Tech Radar| 2026-07-10

The Regression Test Is a Vibe Check

Jessica Tran
Staff Writer
The Regression Test Is a Vibe Check

The team gathered around the monitor, watching the new chatbot logic handle a difficult customer query. The response was perfect—empathetic, accurate, and concise. Someone said, “Looks good. Ship it.” The change, a single-line prompt tweak, went live an hour later.

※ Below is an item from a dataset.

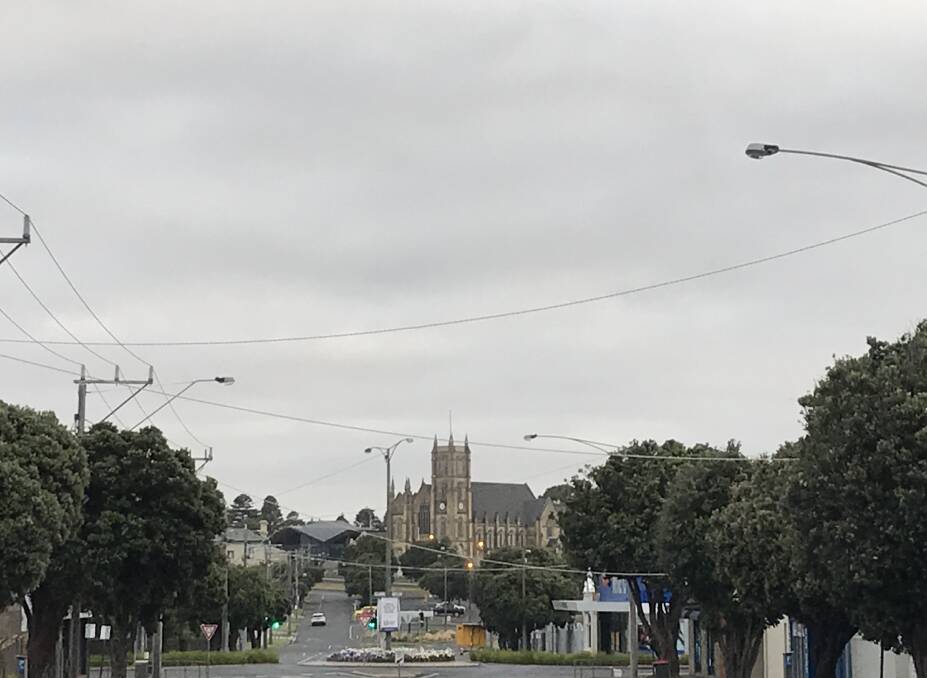Grey start to a fine day: Looking north up Warrnambool's Kepler Street just before 7am. Warrnambool is expecting a top of 27.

Three days later, the weekly metrics review felt like an autopsy. Customer satisfaction scores had cratered, but only for users on the company’s oldest, most profitable enterprise plan. The chatbot, now finely tuned to handle common questions with more conversational flair, was failing catastrophically on complex queries about deprecated API endpoints. The new prompt had introduced a subtle regression, a blind spot that the team’s quick manual check completely missed. The test that passed was a vibe. The failure that followed was a number, written in red on a slide for the VP.

This is the new reality of software development. For decades, we built a culture of certainty around code. We wrote unit tests, integration tests, and end-to-end tests. We built CI/CD pipelines that acted as ruthless gatekeepers. Code was deterministic; you could prove its correctness. If add(2, 2) returned 5, the build failed. Simple.

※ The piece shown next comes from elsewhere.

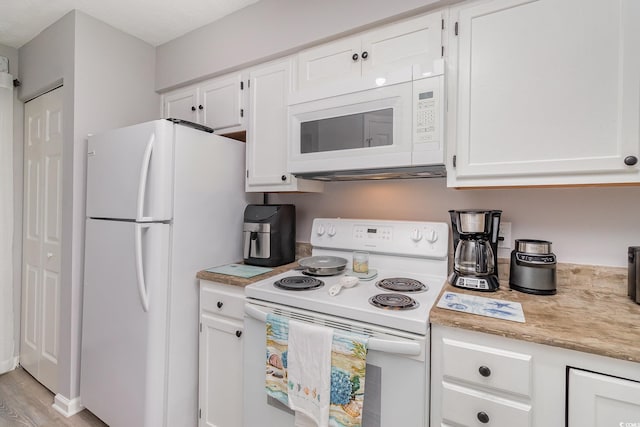 kitchen featuring light countertops, white cabinets, light wood-type flooring, and white appliances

That certainty is gone. We are now shipping probabilistic systems. There is no single correct output for a large language model, only a spectrum of plausible ones. The rigorous, automated logic of the regression test has been replaced by a subjective, manual spot-check. We ask the model a few questions, look at the answers, and if they feel right, we deploy.

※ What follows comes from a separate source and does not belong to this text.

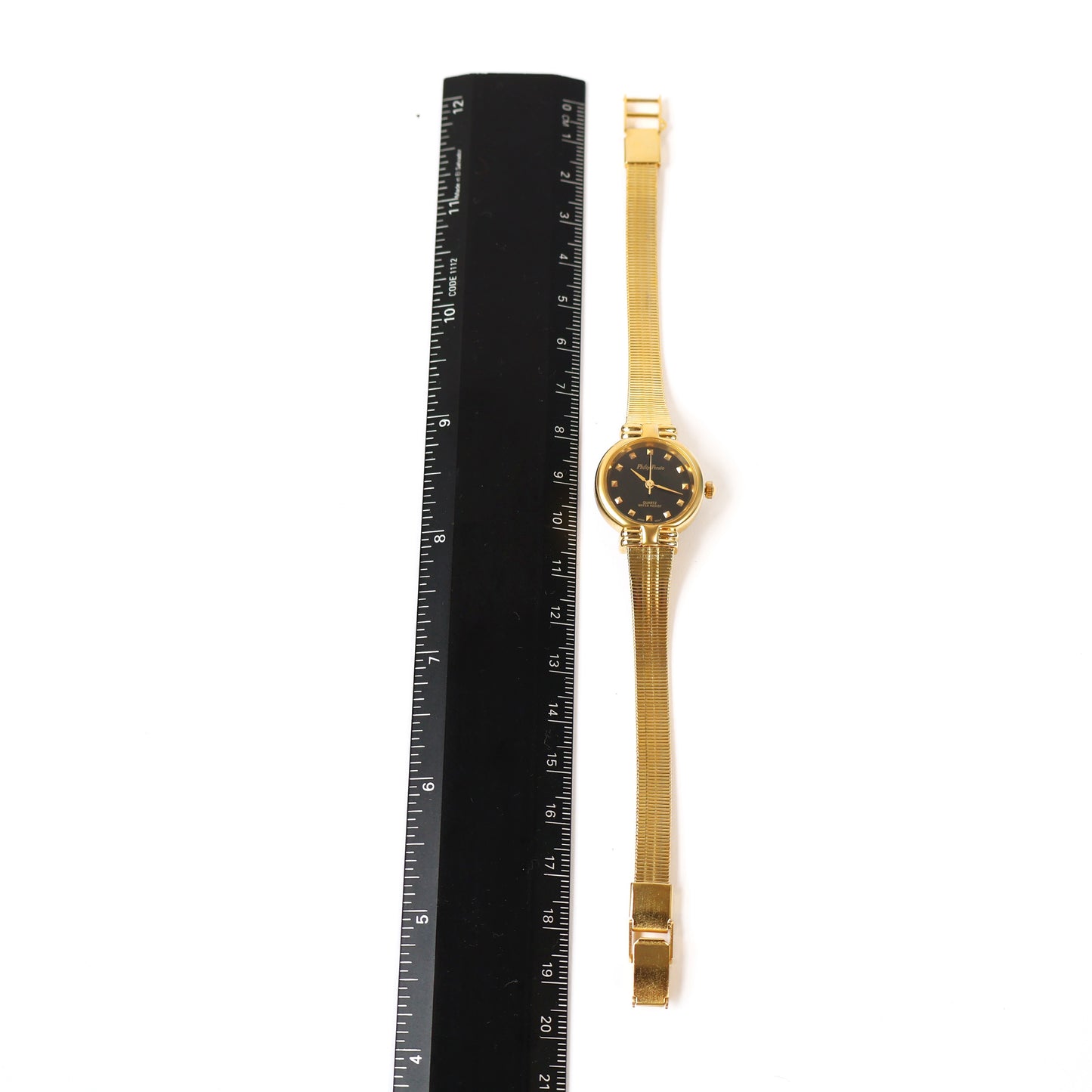 Vintage Gold Watch with Black Round Face | Philip Persio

The entire quality assurance pipeline, built over half a century of software engineering discipline, is being short-circuited by a gut feeling.

This isn’t a temporary phase. It’s a fundamental crisis in how we build and maintain software. The old tools don’t work. Asserting that a model’s output equals() a specific string is laughably naive. It misses the entire point. We want the model to be helpful, not to parrot a canned response. So we invent new metrics—ROUGE scores, BLEU scores, semantic similarity—abstractions that try to quantify the unquantifiable. They provide a thin veneer of objectivity, but they are easily gamed and often fail to capture the actual user experience.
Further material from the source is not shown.